Published on Dec 11, 2021 (edited on Dec 13, 2021)
Representation learning also known as feature learning is a machine learning specialisation focused on learning representations of data. These representations aim at capturing intrinsic factors useful for building predictive models. That is,
"learning representations of the data that make it easier to extract useful information when building classifiers or other predictors." [source]
In this article, we are interested in representation learning for graph data with a focus on scalability, that is, applicable to large graphs. We consider a large graph one that has 10s of millions of nodes or more. As an example, the Bitcoin transaction network has billions of nodes corresponding to transactions between cryptocurrency holders. Commonly, the number of edges will be a multiple of the number of nodes in the graph.
In order to explain the main concepts, we are going to use a citation network as a working example. Let us consider the problem of predicting the topic of a research paper using information from the paper's text content and citation links. Cora (see Figure 1) is a well studied citation network where the nodes represent papers associated with feature vectors indicating the presence or absence of a small set of words (vocabulary). Edges between the nodes represent citation relationships. Each paper is labelled with one of 6 subjects. The dimensionality of the node feature vectors is 1453 and the total number of nodes and edges is approximately 2700 and 5400 respectively. Strictly speaking, this is not a large dataset but it is easy to understand and visualise and has been frequently used as a benchmark in the machine learning literature making it a good choice for this article. Our aim is to train a multi-class classification model for predicting the subject of a paper.
Figure 1: Visualisation of the Cora citation network. Node colours indicate the paper's subject (1 of seven) and node size the degree (number of neighbours.)
There are several data structures for representing a graph each with its own advantages and disadvantages. We represent a graph using its adjacency matrix, A. In the general case that a graph has N nodes and E edges, a binary adjacency matrix would be size NxN (2700x2700 for Cora) and it would have E non-zeros entries. Real-world graphs tend to be sparse such that number of edges (5400 for Cora) is much smaller than the total number of edges possible. A fully connected and undirected graph would have N(N-1)/2 (approximately 3.6 million for Cora) edges. Because graphs are sparse, A can be stored in memory very efficiently using a sparse matrix representation.

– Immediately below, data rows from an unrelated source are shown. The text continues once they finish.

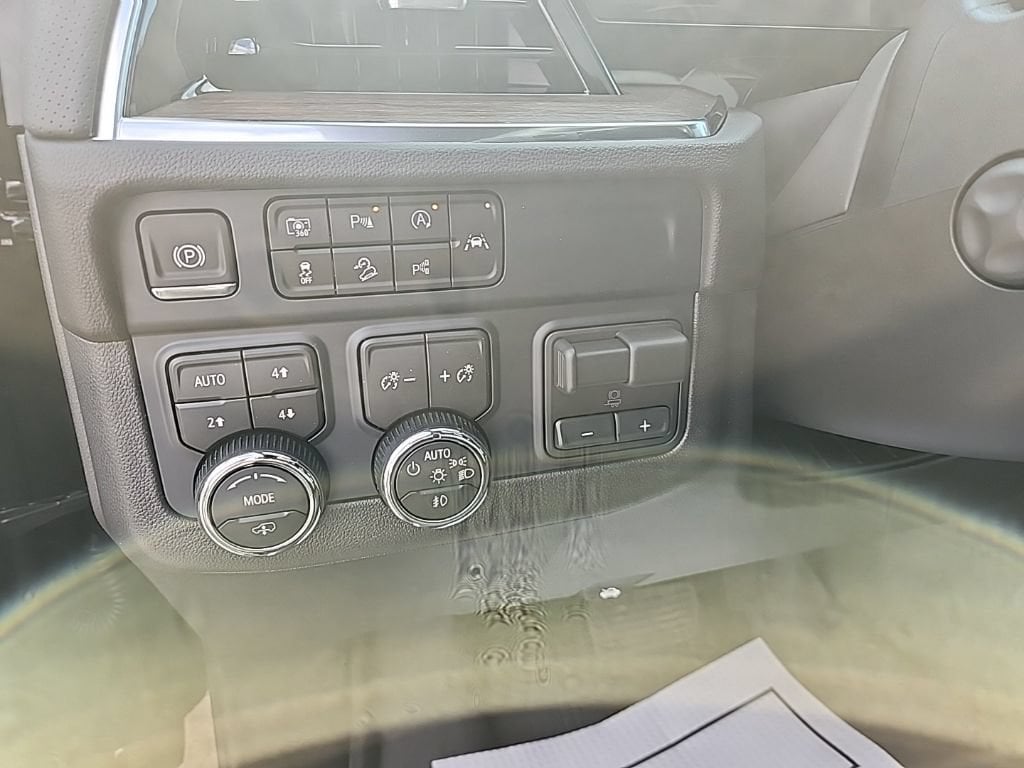 2026 Chevrolet Suburban High Country - Photo 17
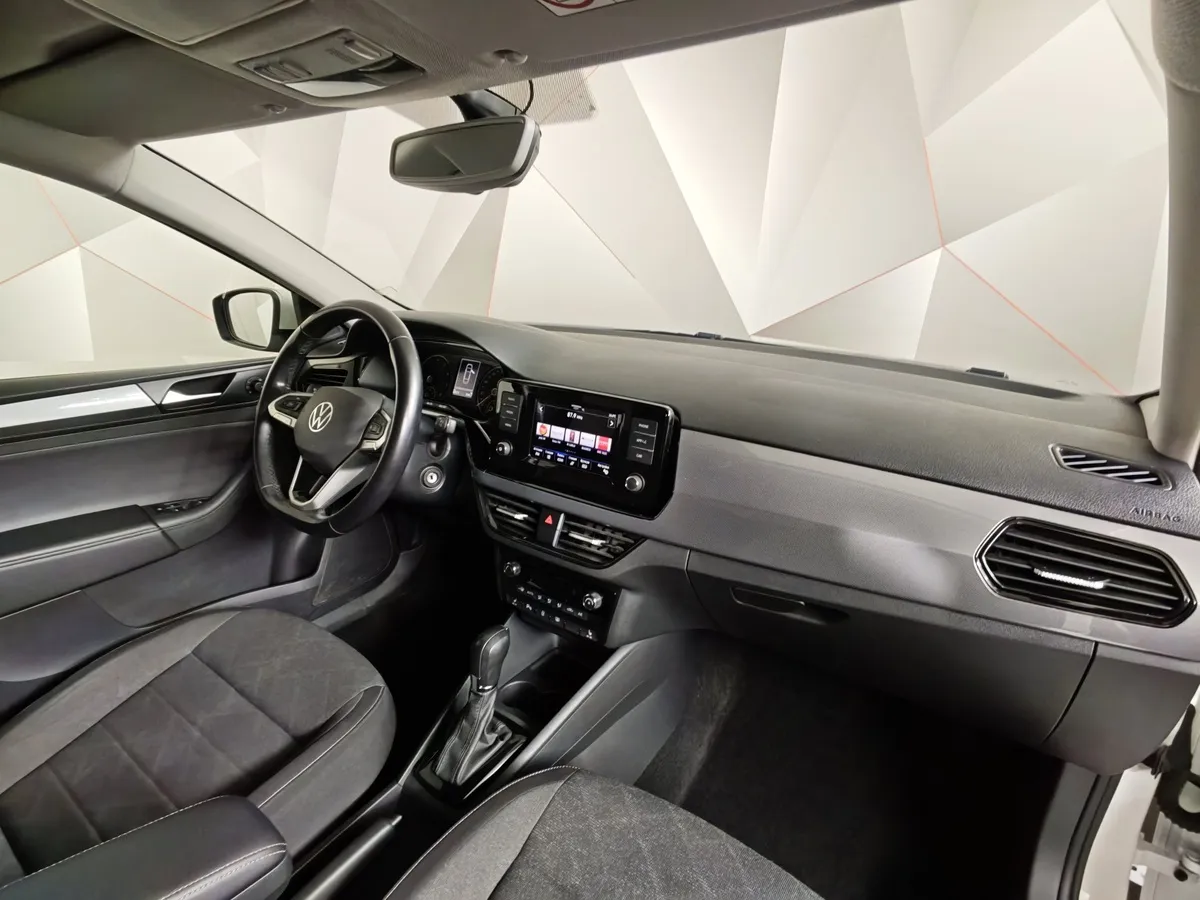 Volkswagen Polo 1.6 MPI AT (110 л.с.) Белый в АВИЛОН. Слайд №13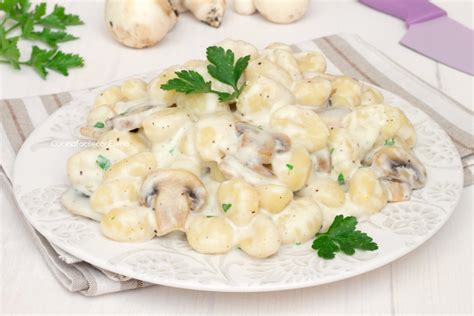 Gnocchi Ai Funghi Cremosi Ricetta Facile E Veloce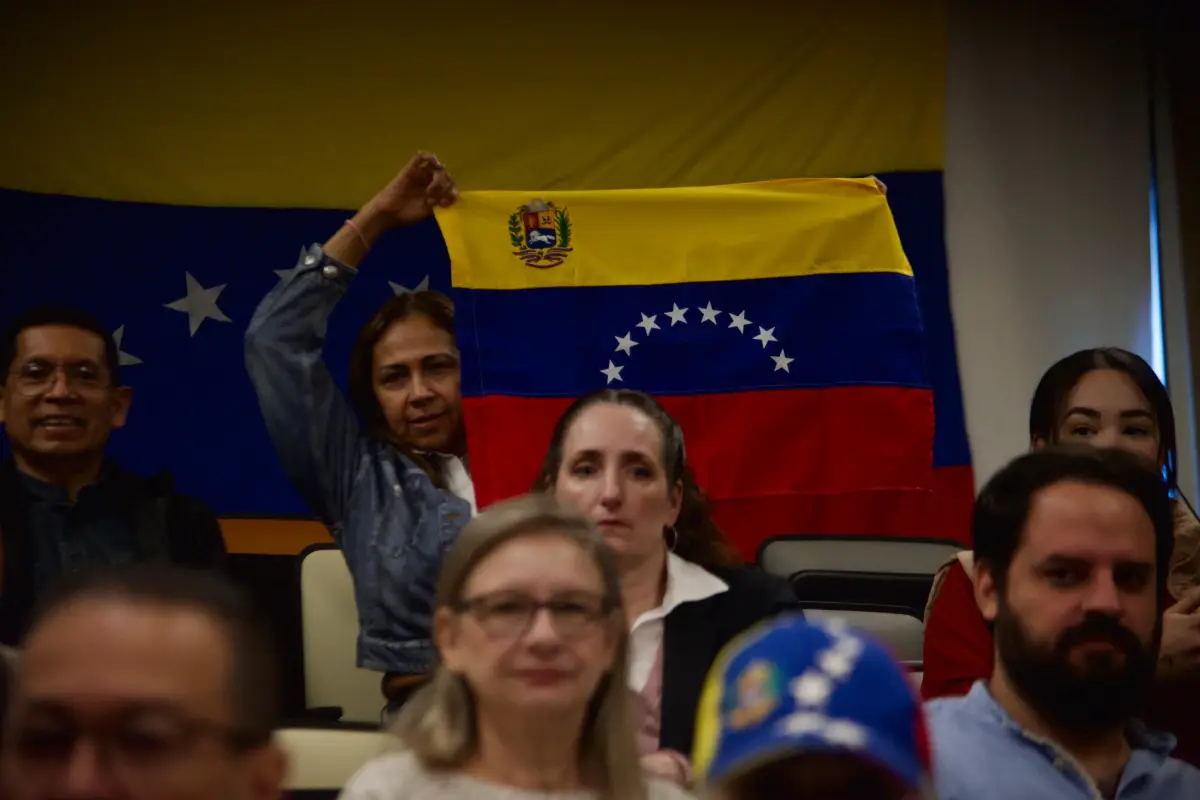 Ciudadanos venezolanos esperaban a Edmundo González en la Ciudad de Guatemala para escuchar su discurso., Omar Solís/Emisoras Unidas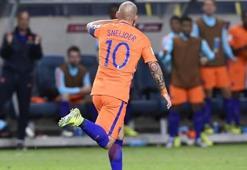 Sneijder Fransa maçında oynayamayacak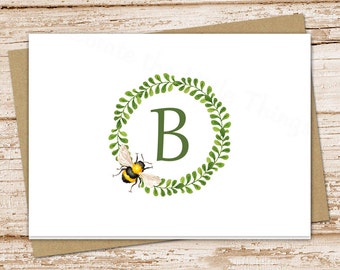 personalized bee stationery, note cards . bee wreath notecards . initial, monogram . folded card . stationary.  teacher . set of 10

The node features can be stored in a dense matrix of size Nxd where d is the dimensionality of the node feature vectors. For Cora, the feature matrix, X, has size 2700x1453. Note that this is a dense matrix so it will not be possible to store efficiently using a sparse matrix representation.
We should keep in mind the above storage requirements and the sizes of the data matrices as we will need them to calculate the storage and computational requirements of different graph representation learning algorithms.
Graph Neural Networks (GNNs) are the preferred method for representation learning on graph-structured data. GNN literature is large and fast growing. We begin our exploration of scalable graph representation learning with an overview of Graph Convolutional Networks (GCNs) which is the method that kick-started the recent interest in GNNs. We then demonstrate why GCN is not scalable and then survey several extensions that are.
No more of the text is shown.